Erdoğan’ın korumaları, Türkiye’de, önüne gelen protestocuya saldırmalarıyla bilinir. En yürek yakanı; Soma’daki maden faciasında yakınlarını yitiren acılı vatandaşların yediği dayaktı. Hele Erdoğan’ın müşavirinin, korumaları da sollayarak yerde yatan bir vatandaşa attığı tekme, hafızalara, silinmeyecek biçimde kazındı.
Ama artık, sadece Türkiye’de değil, neredeyse her kıtada tanınıyorlar.
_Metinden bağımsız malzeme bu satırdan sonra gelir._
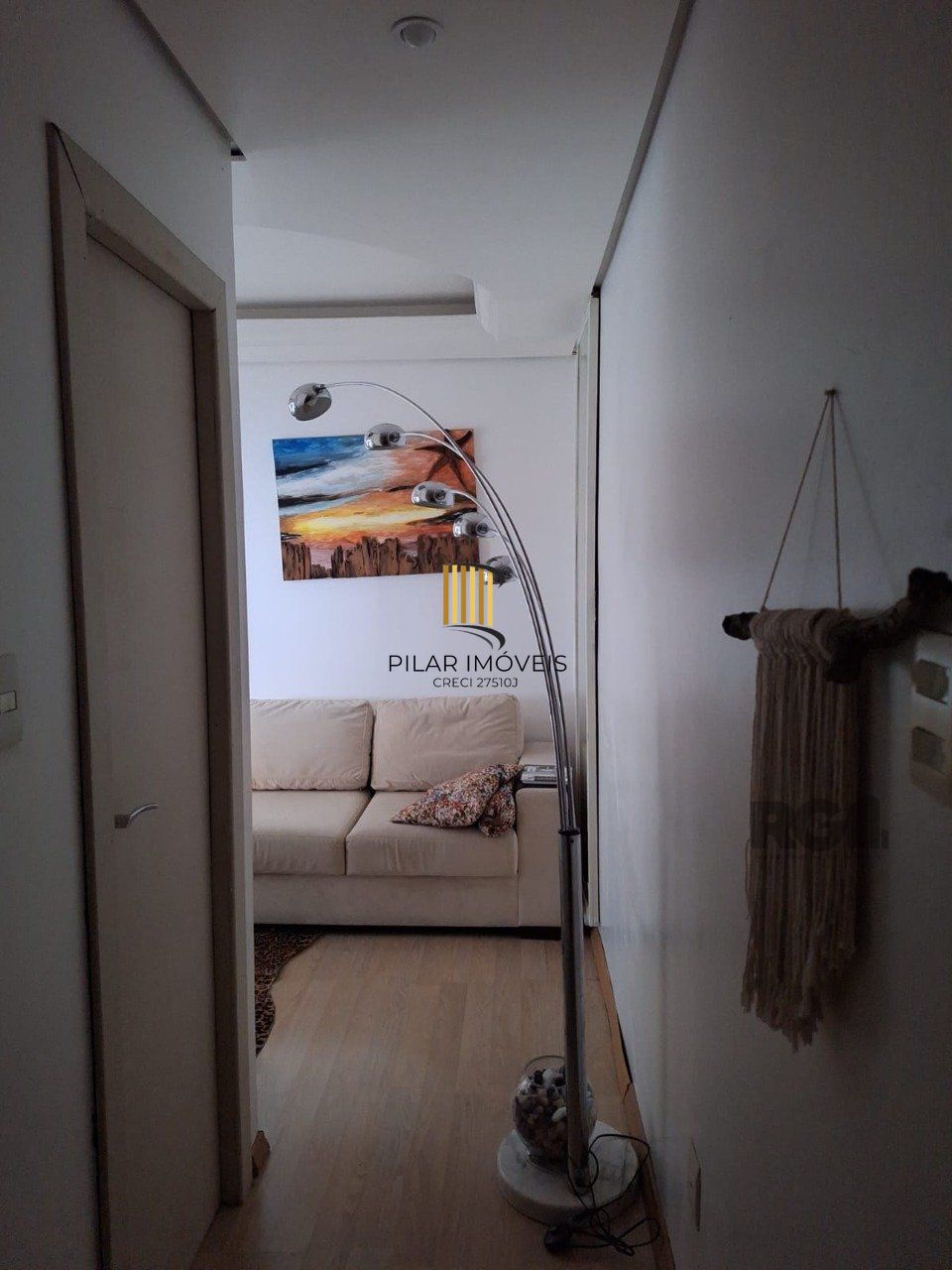 Apartamento de quatro dormitórios e uma vaga de garagem no bairro Bom Fim em Porto Alegre.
Bu ünlerini, gittikleri her yerde, demokratik haklarını kullanarak barışçıl protesto eylemi yapan herkese saldırmalarıyla kazandılar.
Hatırlayalım…
Eylül 2014… Newyork’ta protestoculara saldırmak isteyen korumaları, Amerikan polisi önledi. Polisin, “dokunamazsın, geri git” uyarıları üzerine hevesleri kursaklarında kalan korumalar, bol küfür yağdırarak kendilerini rahatlattılar.
Şubat 2016… Ekvador’da, Erdoğan’ı protesto eden kadınlara saldırıp dövdüler; Ekvadorlu bir milletvekilinin burnunu kırdılar. Diplomatik krize neden oldular. Yetmezmiş gibi; Güney Amerika İşadamları Birliği Genel Sekreteri Cenk Gül, “dünya liderine hakaret eden” iki Ekvadorlu kadın hakkında suç duyurusunda bulundu.
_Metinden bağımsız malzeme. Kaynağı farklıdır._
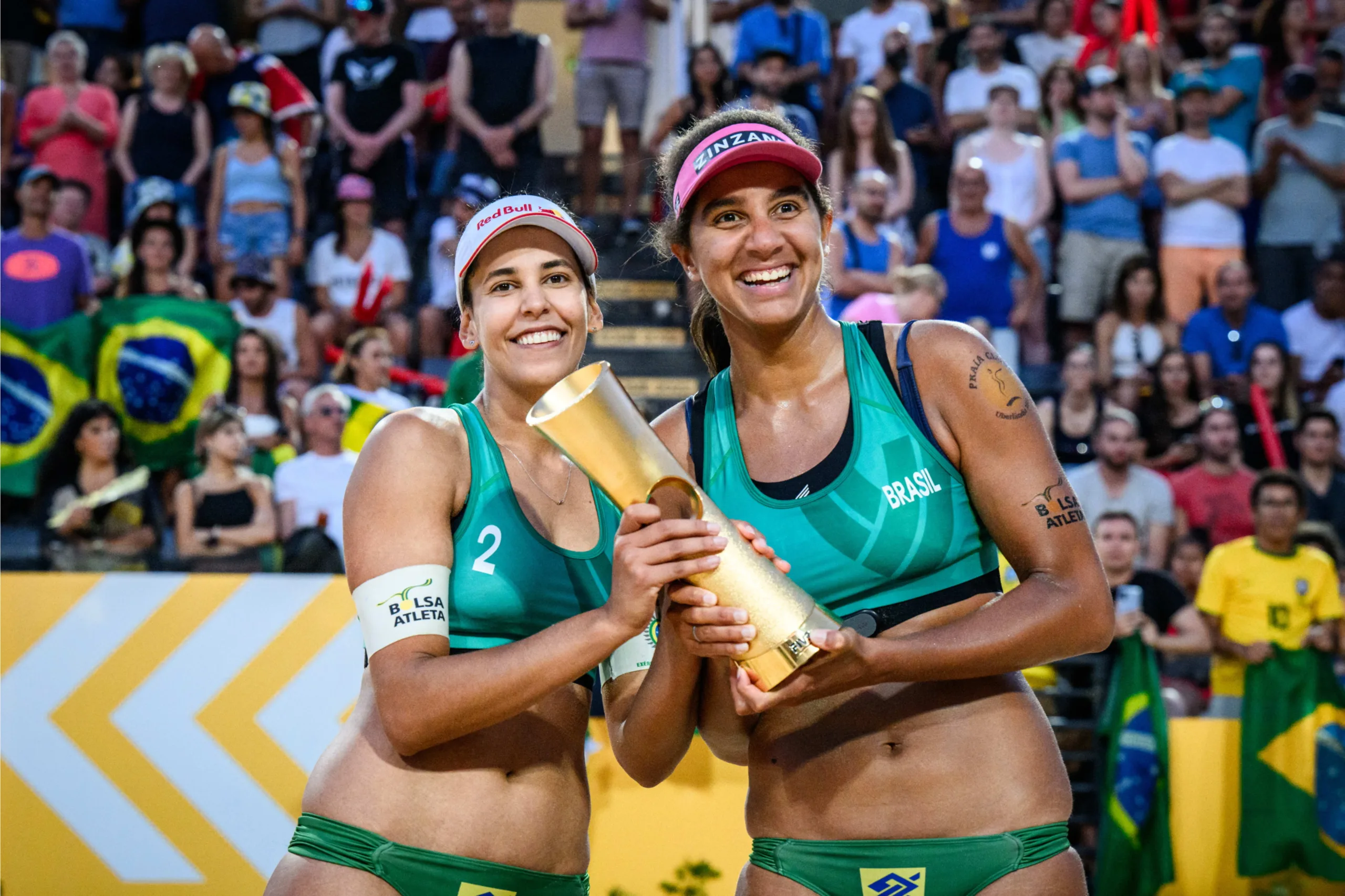 Duda e Ana Patrícia vencem mundial de vôlei de praia; André e George conquistam o bronze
Mart 2016… Washington’da, kaldığı otel önünde protesto edilen Erdoğan’ın korumaları, protestocuları dövemediler; ama seslerini bastırmak için bağır bağır bağırdılar ve protestocuları tehdit ettiler: “Türkiye’ye gelmeyin!”
Nisan 2016… Yine ABD’de, korumalar, muhalif gazetecilere saldırdılar. Küfrederek yaka paça salondan dışarı attıkları gazetecileri darp etmelerini, Amerikalı korumalar önledi.
Ve önceki gün… Washington'daki Türkiye Büyükelçiliği önünde toplanarak Erdoğan'ı protesto eden gruba Erdoğan'ın korumaları saldırdı. Yere düşen kadınları ve erkekleri yumruklayan ve tekmeleyen korumalara sert tepki gösteren polis, takviye ekip istedi. Saldırıda 10 kişi yaralandı. Videoyu izledim, polis önünü kesmese, korumalar göstericileri, deyim yerindeyse “parçalayacak”.
* * * * *
Bu sınır tanımayan, kendini dokunulmaz ve hukukun üstünde hisseden insanların yaptıkları; sadece imajımızı yerle bir edip bizi utandırmaktan öte bir gerçeği vuruyor yüzümüze. Hatırlayın; nasıl tehdit etmişlerdi protestocuları; “Türkiye’ye gelmeyin!” Ve bir protestocu kadın, “bana dokunamazsın, burası Türkiye değil” demişti. Bu iki cümle, bizim gerçeğimizi hatırlatıyor: Ne yazık ki burası Türkiye ve bizim dokunulmazlığımız yok.